1) Given the recent poor performance of Groupon (NASDAQ:GRPN) and Zynga , the market is less than enthusiastic about an expensive IPO. Facebook's IPO market cap dips to $75 billion or below. This is a strong buy.
2) The market gets really excited with Facebook's potential, and Facebook's IPO market cap shoots to above $150 billion. To me, that would be definitely too much risk.
Finally, with more than 800 millions users, there seems to be very little room to growth the network size. So what are Facebook's growth potentials:
1) Fully extract the value of Facebook users and explore opportunities beyond advertising.
Facebook can team up with advertisers, retailers, coupon issuers -- almost any consumer oriented business to provide better targeted promotion. This doesn't limit Facebook to be an advertiser only. For example, Facebook can operate a system similar to that of Paypal's. It can be heavily linked with personal finance, such as banking, investment, etc.
2) The network size can grow dramatically -- Facebook could enter China. Because of censorship, Facebook is still blocked in China, the most populated country in the world (the darkness area of a massive country like China is quite dramatic on Facebook's network map above). Unlike Google, Facebook does not have to initiate a face-off with the Chinese government and stay relative politics-free in China.
In April, Facebook's acquisition of Instagram at $1 billion generated a lot of controversy.
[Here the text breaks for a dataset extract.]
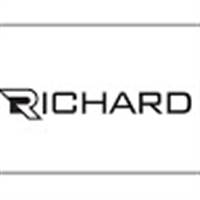 Richard.vn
Many believe Facebook has overpaid for Instagram, a two-year-old startup with 30 million registered users, many of which are likely already Facebook users. I think the acquisition is non-essential given Facebook's likely market value when it completes the IPO. It is not that much money for Facebook. If anything, the acquisition reflects Facebook's decisiveness in eliminating potential competitors from the market. When Google acquired YouTube in 2006 for $1.65 billion, people gasped. Nowadays nobody even talks about the price tag for that acquisition. The same would apply to Facebook's acquisition of Instagram.
Google, on the other hand, has reached middle age. Investors cannot expect above market return from the company. Based on Larry Page's recent proposed changes, Google's executive will keep the cash in their hands for spending, instead of starting a dividend. Google as a company is very healthy. It is doing well. But its stock is likely going to be a Microsoft without the dividend in many years to come. So although my decision on Facebook depends on the IPO price, I would not hold Google at this point, especially the rise of Facebook might take a large piece of pie from Google's growth potential in display advertising.
Disclosure: I have no positions in any stocks mentioned, and no plans to initiate any positions within the next 72 hours.